As cyber-enabled shipping represented uncharted waters for Lloyd’s Register, the classification society took pains to thoroughly consult the industry whilst creating its guidance. As Luis Benito, Marine & Offshore Innovation and Strategy Director, explains: “LR did indeed work with designers, builders, technology providers, flag administrations, ships owners and operators and smart systems designers in creating our procedures.”

 

Great Intelligence’s achievement of CES notes was expected, given that LR “was involved at a very early stage of this project”; in fact, the newbuilding actively contributed to the early development of LR’s guidance. Benito explained the timeline of the project: “In 2014 we signed a JDP agreement with CSSC SERI to support them in the development of the SOMS system (the cyber enabled system installed on board Great Intelligence). At the following step, where CSSC began to discuss the possibility of building a real vessel equipped with the smart system, SDARI became involved and we helped SERI and SDARI to develop the ship specification. At that time we had written our cyber-enabled ships guidance and we started to apply this to this project.”

 

In particular, Benito noted that Great Intelligence aided LR in creating their ShipRight procedure, which signalled a move from theory to the practical application of cyber-enabled shipping notation: “The ShipRight Procedure was partly created to include direct feedback from on-going projects, and the Great Intelligence project was one of these.”

 

Future-proof classification
Central to Lloyd’s Register’s guidance and assessment in the area of cyber-enabled shipping is the importance of taking what they call a “non-prescriptive approach,” as the rapid advancement of cyber technologies means new systems are arriving on the market and existing systems are being improved faster than guidance can be updated. Commenting on how this works in practice, Benito explained: “The approach recognises a number of areas that need to be carefully considered in the system design, such as overall system architecture, human-system interface, system integration, communications network, and security, and then applies LR’s Risk-Based Design methodology to determine the scope of system under assessment, challenge the design, and confirm appropriate mitigations to the risks identified are implemented.”

 

By identifying ‘areas’ rather than specific systems that require assessment, Lloyd’s Register appears to be exploring a more flexible, case-by-case approach to classification, which is arguably more future-proof than a stricter, prescriptive process.

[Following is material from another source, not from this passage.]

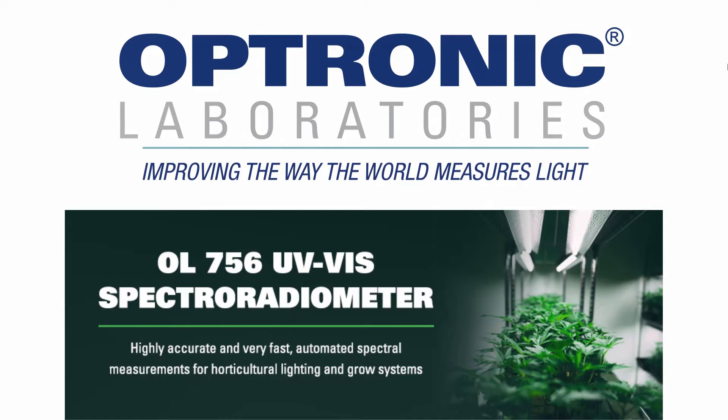Hello, this is Chris Gordon, product scientist at Uptronic Laboratories, bringing you today the OL756 UV-Vis spectra radiometer.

However, September 2017 saw LR release the first type approval procedure for cyber enabled components, which may offer a boon for owners and designers of smart ships who are looking to fast-track the classification process by selecting type-approved products that meet LR’s requirements from the beginning, rather than hoping that their unique cyber system is up to standard.

 

As one of the pioneer cyber-enabled ship projects, and the first Chinese vessel to receive LR’s CES descriptive notes, Great Intelligence is sure to be seen as a consequential vessel, staking a claim for SDARI and CSSC as institutions at the forefront of ship design, and for Lloyd’s Register as the leader in smart ship classification. As the vessel settles in to its working life, transporting coal and salt between Australia, China and Southeast Asia for Sinotrans Shipping, the efficiency and economy offered by its cyber systems will soon become apparent; if the theory of smart ships is validated in practice by vessels such as Great Intelligence, we are sure to see further integration of cyber systems in the coming years.